Hi all, I'm working on a project that involves trying to develop a method for identifying whether a specific sequence (specifically looking at viral genomes) is contained within short-read sequencing data or not. I'm using this tool that creates a searchable index of all kmers that occur more than twice (to account for sequencing errors) from a number of fastq files which can then be queried with the sequence of interest and returns, for each fastq, the proportion of query kmers that also appear in that sequencing run. This is much faster than performing short-read mapping with something like BWA or bowtie so could be quite useful.

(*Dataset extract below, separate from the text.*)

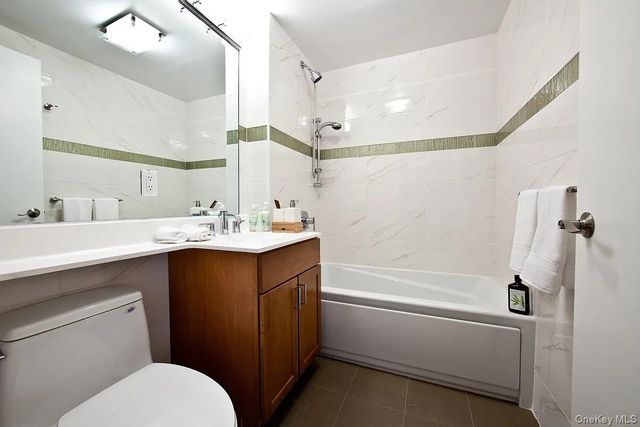 116-61 Curzon Road 6A, Kew Gardens, NY 11418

The problem is, for some datasets, the results make no sense. The below table is a result from querying a set of 8 RNAseq runs from human T cells, 4 that were infected with HIV and 4 controls, with the HIV1 ref seq (NC_001802.1). The k value used here was 20 (other k values have been tested with little improvement). Bowtie mapping was used to confirm whether the viral sequence was present or not.
Run_Number Infection_Status Kmer_Match_Proportion Bowtie_Mapping_Proportion SRR2648303 Infected 0.9811207 0.40983 SRR2648299 Infected 0.9781254 0.42032 SRR2648305 Infected 0.9738461 0.35961 SRR2648301 Infected 0.9732676 0.35042 SRR2648293 Control 0.8603503 0.00032 SRR2648294 Control 0.8415871 0.00036 SRR2648297 Control 0.8244479 0.00029 SRR2648296 Control 0.8077031 0.00019
As you can see, the infected runs all have very high kmer match proportions and correspondingly high bowtie mapping proportions (number of mapped reads/total number of reads) confirming that those runs contained HIV. The control runs however also had fairly high kmer match proportions (though distinct from the infected runs) but had significantly lower bowtie mapping proportions, indicating that those runs did not contain HIV. So if there was no HIV in those runs, how do they have 80-86% of HIV's kmers?